Japan’s Tokyo Electric Power Company (Tepco) on 30 March won approval from the Nuclear Regulation Authority (NRA) to start freezing soil around the damaged reactors at the Fukushima Daiichi NPP. Tepco hopes to create an ice wall that will reduce the amount of groundwater flowing into the four reactor buildings where it becomes contaminated. The volume of contaminated water at the plant is increasing daily. Once the freezing process is complete, together with other measures, the daily accumulation of underground water is expected to fall from 400t to about 50t. The wall is expected to start restricting the inflow of groundwater about 45 days after the freezing starts. Tepco completed construction of the wall in February, after two years of work.

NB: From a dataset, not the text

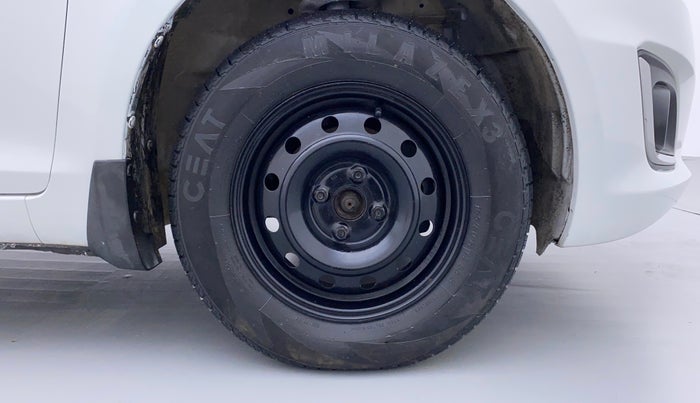 2015 Maruti Swift VDI ABS, Diesel, Manual, 73,931 km, Right Front Tyre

NRA did not approve Tepco’s initial plans for the 1.5km-long wall, citing concerns that it could lower the groundwater level too much and cause radioactive water pooled in the reactor buildings to leak out. Tepco then submitted a revised plan to do the freezing work in stages. Under the new plan, it will first freeze soil at the ocean (downstream) side of the buildings to prevent water leaking there. NRA Chairman Shunichi Tanaka said the operation will be a major challenge. He said it is important to carefully monitor the freezing process with adequate data.
To build the frozen soil walls, coolant chilled to a temperature of minus 30 degrees Celsius is to circulate through 1,568 pipes that are driven into the ground to a depth of around 30 metres, to create a "wall of ice." If the project goes as planned, work to freeze the walls is expected to be completed in about eight months.
The frozen-soil wall project is considered to be a key measure to deal with contaminated water along with the "subdrain" project designed to reduce the amount of water being contaminated by removing clean underground water from wells around the reactor buildings. Some JPY34.5bn ($306.8m) in state funds has so far been used for the shield system.